Statement by SEC Chairman:
Remarks at the Commission Open Meeting

by

Chairman Harvey L. Pitt

U.S. Securities and Exchange Commission

Washington, D.C.
January 8, 2003

Good morning. This is an open meeting of the U.S. Securities and Exchange Commission on January 8, 2003, our first of the New Year.

It begins a month in which Congress directed the Commission to complete what I believe is the most extensive rulemaking agenda in the shortest period of time in the agency's history. When we finally turn the page on the calendar at the end of this month, we will have considered nine final rules and produced four major studies related to the Sarbanes-Oxley Act.
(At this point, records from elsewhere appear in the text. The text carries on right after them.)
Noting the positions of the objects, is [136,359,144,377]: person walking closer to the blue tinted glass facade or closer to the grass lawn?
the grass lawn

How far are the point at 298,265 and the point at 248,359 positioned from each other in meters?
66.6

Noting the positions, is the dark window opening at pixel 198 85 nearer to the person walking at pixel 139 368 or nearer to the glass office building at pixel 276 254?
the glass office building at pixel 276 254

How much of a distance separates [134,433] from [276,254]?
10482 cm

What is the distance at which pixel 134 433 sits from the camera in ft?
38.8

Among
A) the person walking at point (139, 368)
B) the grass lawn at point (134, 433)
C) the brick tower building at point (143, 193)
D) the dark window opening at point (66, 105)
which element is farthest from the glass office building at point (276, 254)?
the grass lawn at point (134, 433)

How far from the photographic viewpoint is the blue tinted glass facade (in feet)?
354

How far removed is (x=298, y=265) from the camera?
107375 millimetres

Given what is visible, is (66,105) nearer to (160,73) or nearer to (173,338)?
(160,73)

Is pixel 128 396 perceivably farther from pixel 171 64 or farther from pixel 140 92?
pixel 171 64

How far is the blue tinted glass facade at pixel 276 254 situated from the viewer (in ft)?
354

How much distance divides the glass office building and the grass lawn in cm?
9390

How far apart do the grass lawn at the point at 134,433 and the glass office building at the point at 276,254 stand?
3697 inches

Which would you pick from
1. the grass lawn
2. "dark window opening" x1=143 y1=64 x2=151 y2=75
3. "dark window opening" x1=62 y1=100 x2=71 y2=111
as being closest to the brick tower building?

To put that in perspective, the Commission adopted a total of 23 final rules in all twelve months of 2000.

Considering the obligations we have under the Sarbanes-Oxley Act, the Commission's chief focus on the rulemaking front of late necessarily has been implementing the Act. This does not mean, however, that we can or will let other important efforts fall by the wayside.
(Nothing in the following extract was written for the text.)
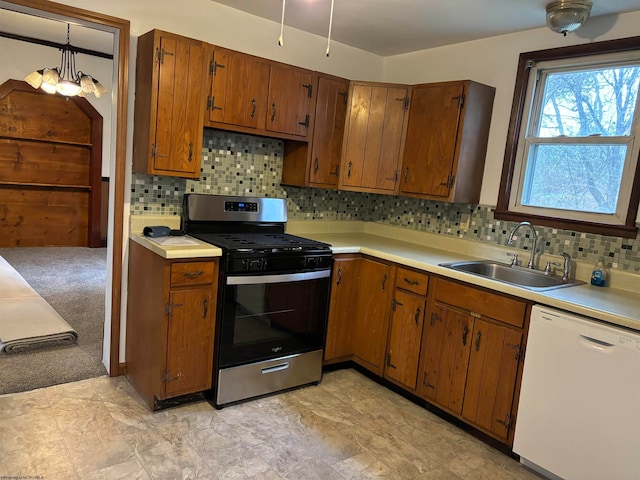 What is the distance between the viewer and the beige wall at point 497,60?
8.35 feet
Investment Company Transactions with Portfolio and Subadviser Affiliates

The first item on the calendar is a fine example of the regular work of the Commission continuing apace during these extraordinary times. The Division of Investment Management recommends that we adopt rule amendments to permit investment companies to engage in transactions with affiliated subadvisers and portfolio companies without first obtaining an exemptive order from the Commission.
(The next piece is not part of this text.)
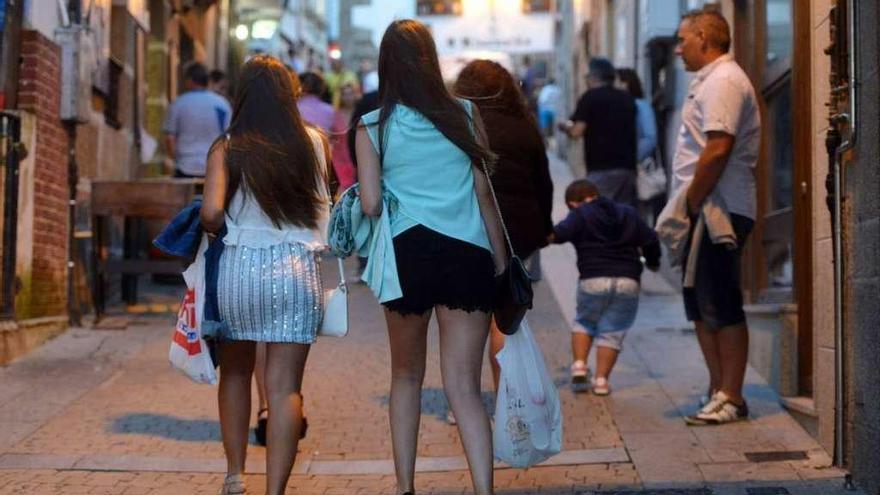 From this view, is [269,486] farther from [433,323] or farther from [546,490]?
[433,323]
In the past decade we have seen a number of changes in the way that funds operate. Fund investment advisers, who once managed a small number of funds, today may manage a dozen or more funds, and these investment advisers often rely on subadvisers to manage the funds' investment portfolios.

These changes in business practice, coupled with the affiliated transaction prohibitions of the Investment Company Act, have produced unnecessary consequences. Funds are constrained from buying or selling shares of a company in which another fund in the same complex owns a significant stake, and subadvisers to one fund cannot do business with any other funds in the same complex, even funds that they do not manage. Even though the risk of harm to funds and their investors is, at most, theoretical, the affiliated transaction provisions of the statue prohibit these transactions.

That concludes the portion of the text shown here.